Pero nada se reemplaza, sino que todo se agrega. Las calles eran de tierra así que se tornaba difícil jugar a la pelota; las casas no tenían árboles en su frente y ni siquiera tenían gente adentro. Se me complicó la vida, pensé. Hasta que los amigos empezaron a fluir de a poco y todos con la misma situación. Recorrimos las manzanas y entre árboles de mandarinas y arbustos se divisaba una extensión apenas plana con un pozo esquinero y rodeada de yuyos. Eso iba a ser nuestro primer estadio de fútbol. Iba a ser nuestro salón de juegos diario. Con el filo de las "Flechas" marcamos las líneas y cortamos unas cañas cercanas; alguien trajo una pelota cualquiera y a jugar se ha dicho.

De a poco el grupo se fue agrandando y era necesario agrandar la cancha.

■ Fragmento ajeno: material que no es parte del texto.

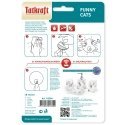 Tatkraft Funny Cats rack Tatkraft Funny Cats rack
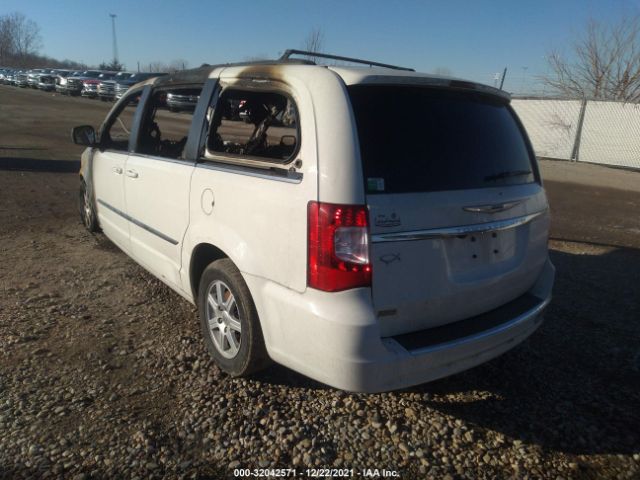 Photo 2 VIN: 2C4RC1BG7CR278676 - CHRYSLER TOWN & COUNTRY 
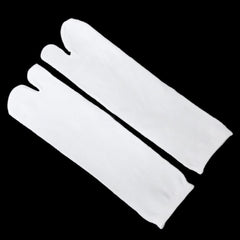 Breathable Two Toe Socks for Flip Flops - Women's Stockings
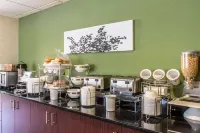 Sleep Inn & Suites of Lancaster County - breakfast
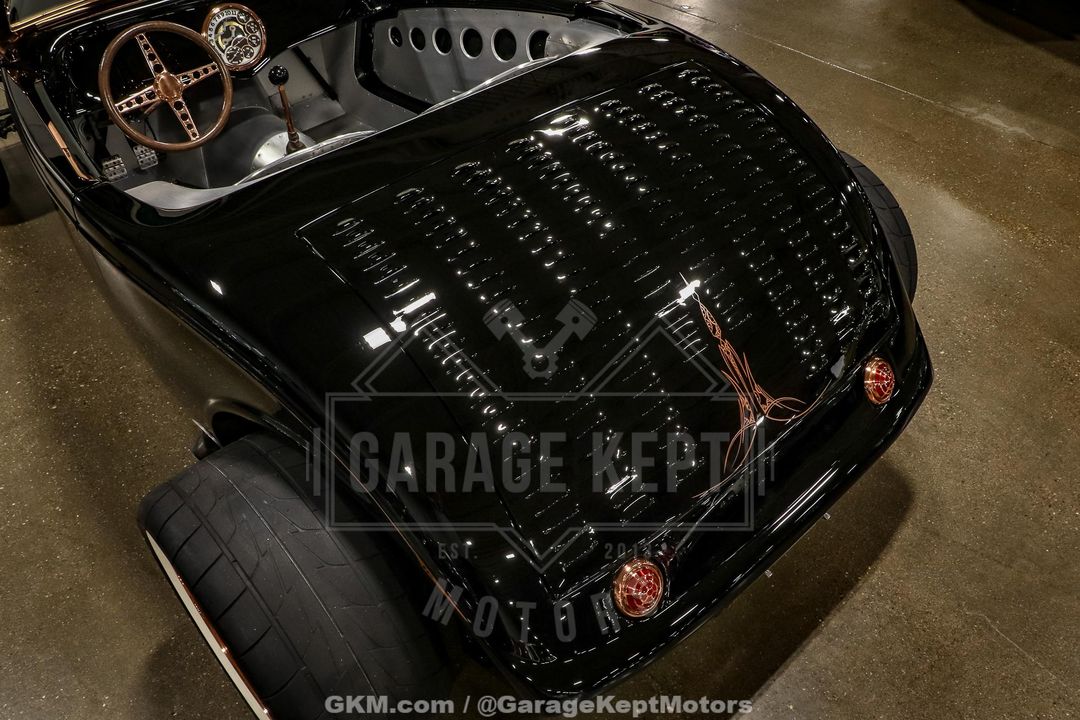 1933 Ford Hot Rod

Así que primero cortamos los matorrales. Detrás de los arcos ya era imposible ir a buscar la pelota cuando alguien se quería hacer el "Beto" Alonso y se le torcía el chanfle. Después la cambiamos de lugar y era de calle a calle, casi profesional, a no ser por esos arcos de troncos torcidos, principalmente un travesaño mal cortado.

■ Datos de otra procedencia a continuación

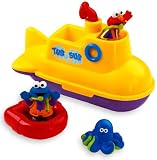 Fisher-Price Sesame Street Tub Sub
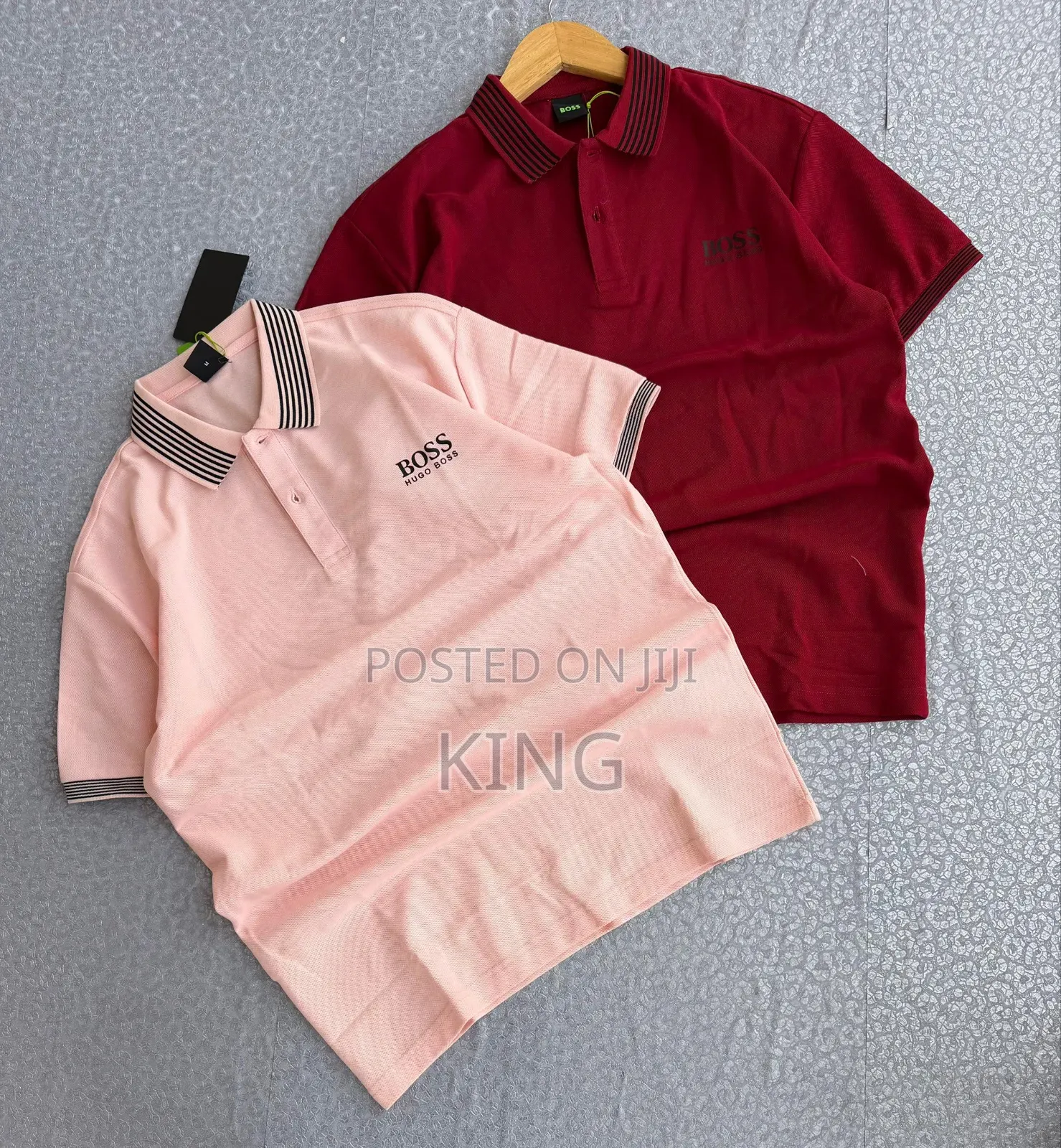 Hugo Boss Assorted Short-Sleeve Polo T-Shirts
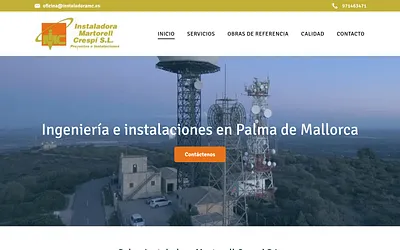 instaladoramc.es snapshot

Con el tiempo y más amigos, la canchita iba cobrando vida con sus estrenados arcos de caño. Y así pasaba la infancia, en esa extensa pradera corta de tierra a la que todos le decían "el potrero", pero para nosotros era "La Canchita". Era el lugar de hacer amigos diarios, era tan mágica y atrevida que fue capaz de cambiar los nombres. Sergio, Raúl, Rubén y Néstor pasaron a ser el Ratón, el Tano, el Mono, el Tapón. También estaba Tito, Lucho, Tucu, Micki, Chino…

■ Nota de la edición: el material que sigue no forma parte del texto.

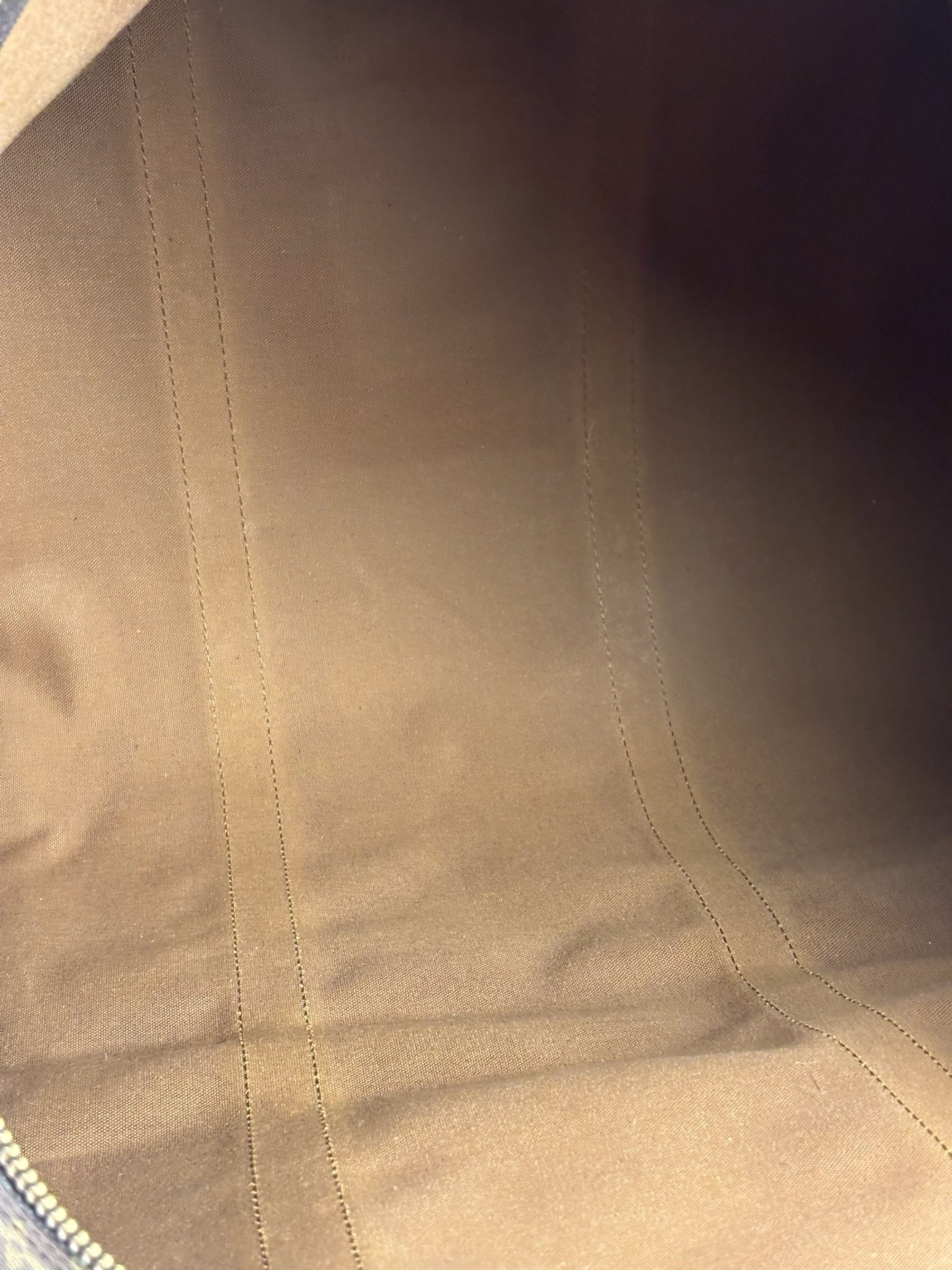 Louis Vuitton Monogram Keepall 60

Era el lugar donde la amistad se acrecentaba después de cada discusión, donde elegías con quién estar y compartir el juego más divertido de todos. Antes era la quinta "Vibú", después fue nuestro barrio, nuestra canchita del barrio Banco Provincia. Al pasar los años, en un invierno frío, a media tarde, caminé las tres cuadras con mis manos en los bolsillos del jogging y me paré llegando al cordón: desde ahí divisaba los arcos de caños despintados, el poco pasto en el medio y algunos altos sobre el lateral. Y también vi ladrillos apilados a un costado con arena y piedras: la canchita estaba muriendo. No estaban mis amigos, ni sus gritos ni sus festejos y el viento frío hacia rodar algunas hojas desubicadas. Sentí que era el final. Entonces bajé la cabeza, le di la espalda y me alejé. Ese fue el último día y no sé qué día fue. Jamás la volví a ver. "La Canchita" que nos dio vida y juegos, que soportó nuestra infancia divertida quedó enterrada entre portones lujosos y paredes brillantes. Dicen que lo mejor de las despedidas son los reencuentros, pero nadie me dice qué tienen de bueno cuando sabes que no habrá reencuentro.